Rural hackney licences now possible
Public Transport Minister Alan Kelly has welcomed the passing of new regulations by the board of the National Transport Authority that allows for the introduction of the ‘Local Area Hackney Licence’ or ‘Rural Hackney’ licence.
23 December 2013
This licence, designed to facilitate low-cost entry into the taxi sector for isolated rural areas, is being introduced on a pilot basis and applications can be made to the National Transport Authority.
These regulations allow the National Transport Authority to grant hackney licenses for isolated rural areas at a low cost of approximately €50 in the case of a vehicle licence. Currently, hackney licences are only being issued to vehicles that are wheelchair-accessible which can bring the cost of providing such a service to in excess of €30,000 and would not be viable.

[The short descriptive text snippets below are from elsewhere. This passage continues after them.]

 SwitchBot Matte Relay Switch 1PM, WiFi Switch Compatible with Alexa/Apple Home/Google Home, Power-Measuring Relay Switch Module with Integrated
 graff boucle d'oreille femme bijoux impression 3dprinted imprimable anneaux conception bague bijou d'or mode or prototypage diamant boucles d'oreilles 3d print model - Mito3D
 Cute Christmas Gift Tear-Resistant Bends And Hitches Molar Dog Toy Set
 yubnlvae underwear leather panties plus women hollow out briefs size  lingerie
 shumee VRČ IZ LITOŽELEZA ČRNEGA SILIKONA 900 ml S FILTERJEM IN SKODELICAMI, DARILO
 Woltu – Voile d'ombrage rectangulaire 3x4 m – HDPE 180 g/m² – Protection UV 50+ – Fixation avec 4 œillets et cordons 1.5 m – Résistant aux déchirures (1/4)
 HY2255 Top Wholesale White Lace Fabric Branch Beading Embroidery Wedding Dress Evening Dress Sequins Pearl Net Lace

The recommendation for a low-cost hackney licence for rural areas came from the Government’s taxi regulation review, chaired by the Minister who said it was crucial to come up with creative solutions to improve transport connections in rural areas.
“Access to transport is a major problem in rural Ireland and we needed to think creatively about how to solve it,” he explained, “We’re all only too well aware of many isolated people in rural communities that are unable to access their local services. The taxi regulation system has not been designed for isolated areas of rural Ireland and this is a way it may do so.”
The National Transport Authority will now establish an application process as part of the granting of these licences following public consultation.
Applicants for the licence will have to be sanctioned by a local business or community group and will need to demonstrate that their area has a deficit of public transport and taxi services. This will require the approval of the local authority.
“What I hope is that the rural transport groups, working with the local authorities, will be able to identify the areas most in need of access to transport and licences can be granted on that basis,” added the Minister, “It will be done on a pilot basis initially.
“The aim is to provide people with social mobility and give people a way of accessing shops, health services and local events.”
The VFI has welcomed the Minister’s initiative.
“We’ve been campaigning for some assistance in respect of transport in rural areas for some time,” commented VFI Chief Executive Padraig Cribben, “This Minister seems to understand the problems encountered in rural areas and has taken a welcome first step in addressing same.
“There will be a number of pilot areas early in 2014 and we look forward to see how they will operate and what tweaking may be necessary to make them really effective.
“It is a good initiative and it needs to be spread out very quickly and not be suffocated by any unnecessary red tape,” he concluded.